IgCraft: A versatile sequence generation framework for antibody discovery and engineering

TL;DR

IgCraft introduces a unified Bayesian Flow Network framework for generating paired human antibody sequences, enabling unconditional sampling, sequence inpainting, inverse folding, and CDR grafting within a single model. It combines a two-track transformer with a structure encoder and uses staged training to leverage both sequence and structure information, achieving competitive performance across tasks and state-of-the-art results in CDR grafting under structural conditioning. The approach improves developability metrics such as humanness and solubility while preserving functional features, demonstrating practical utility for antibody discovery and engineering. Overall, IgCraft provides a scalable, versatile platform for sampling human antibody sequences across diverse design contexts with flexible conditioning.

Abstract

Designing antibody sequences to better resemble those observed in natural human repertoires is a key challenge in biologics development. We introduce IgCraft: a multi-purpose model for paired human antibody sequence generation, built on Bayesian Flow Networks. IgCraft presents one of the first unified generative modeling frameworks capable of addressing multiple antibody sequence design tasks with a single model, including unconditional sampling, sequence inpainting, inverse folding, and CDR motif scaffolding. Our approach achieves competitive results across the full spectrum of these tasks while constraining generation to the space of human antibody sequences, exhibiting particular strengths in CDR motif scaffolding (grafting) where we achieve state-of-the-art performance in terms of humanness and preservation of structural properties. By integrating previously separate tasks into a single scalable generative model, IgCraft provides a versatile platform for sampling human antibody sequences under a variety of contexts relevant to antibody discovery and engineering. Model code and weights are publicly available at https://github.com/mgreenig/IgCraft.

Paper Structure

This paper contains 24 sections, 14 equations, 5 figures, 6 tables.

Figures (5)

  • Figure 1: IgCraft's two-track transformer architecture. Layers are color-coded by the stage of training during which they are updated. The main backbone (blue, green) receives noisy logits for the VH/VL sequences as input and outputs predicted probabilities for the amino acid identity at each position.
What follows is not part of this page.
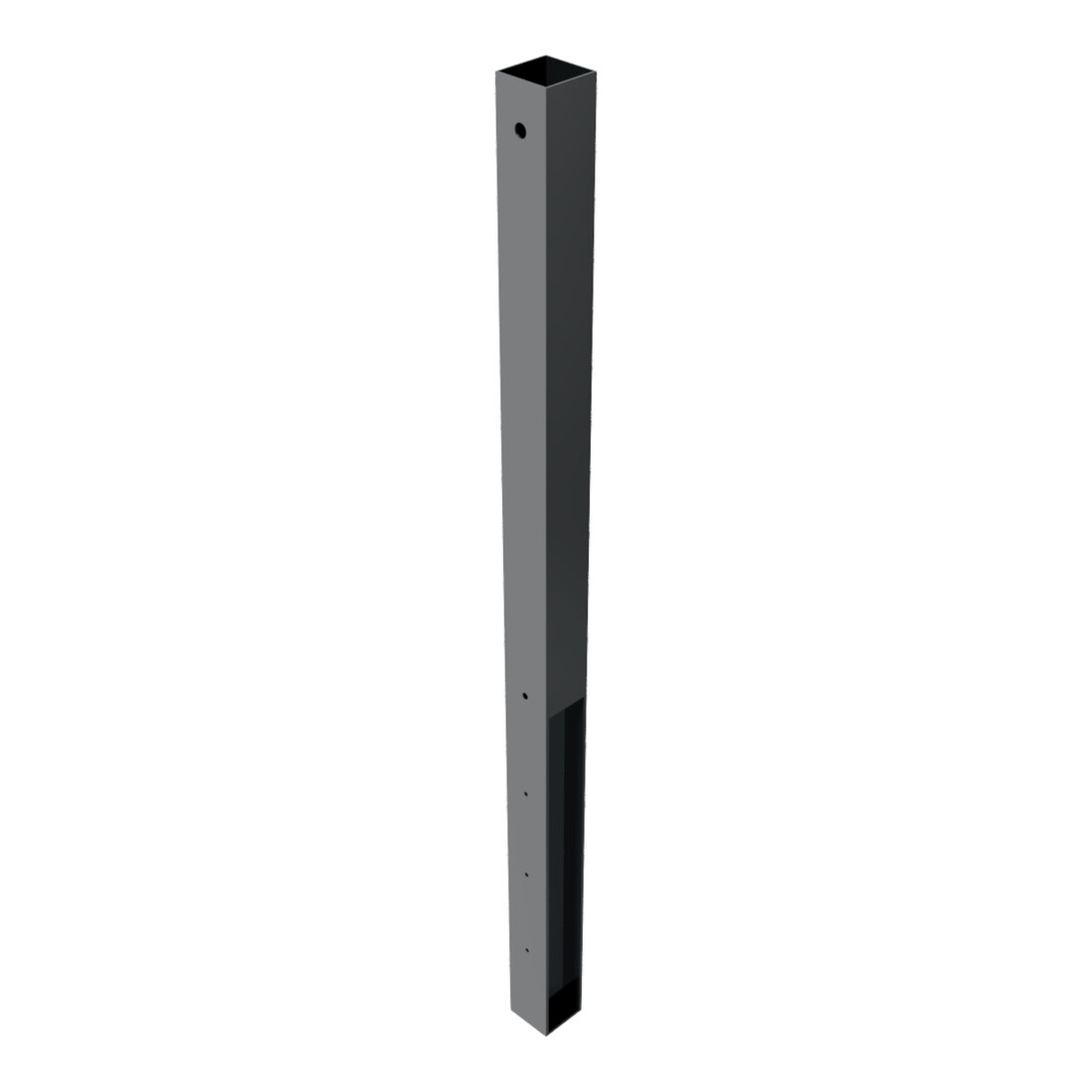 Schake Stilpfosten Typ 4073B, ortsfest, 70x70mm, Oberteil Flachstahl, zum Einbetonieren, ca. 950mm Überflur, beschichtet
Shown in the bottom right corner are the minimum/maximum lengths (both sides inclusive) per variable domain region of each antibody chain type. MHA: Multi-head attention; MLP: Multi-layer perceptron; SwiGLU: Swish-gated linear unit.
  • Figure 2: Mean amino acid recovery (AAR) for sequence inpainting of different variable regions on the 2000 holdout sequences from paired OAS. Error bars correspond to the standard error of the estimated mean AAR.
  • Figure 3: Amino acid recovery (AAR) per-heavy chain region on 98 curated human antibody structures from the AbMPNN test set. Error bars correspond to the standard error of the estimated mean AAR.
  • Figure 4: Amino acid recovery (AAR) per-light chain variable region on 98 curated human antibody structures from the AbMPNN test set. Error bars correspond to the standard error of the estimated mean AAR.
  • Figure 5: Illustrative AlphaFold3 predictions for the grafted sequence and ground-truth bound crystal structures for the mouse antibodies used in the CDR grafting experiment. We show the ground-truth target protein as a surface with the predicted humanised VH/VL structure in gold and the ground-truth mouse antibody structure in blue. Three examples are chosen for visualization: the first (left) is a high-quality docked structure prediction with DockQ = 0.87 (PDB ID: 8TFH), the second (middle) is a docked structure with acceptable quality of DockQ = 0.26 (PDB ID: 8TXU), and the final (right) is an incorrectly docked structure with DockQ = 0.05 (PDB ID: 8TVH). We note that the WT mouse antibody for 8TVH (right) was also incorrectly docked by AF3, like most (9/10) of the grafted antibodies which produced DockQ < 0.23.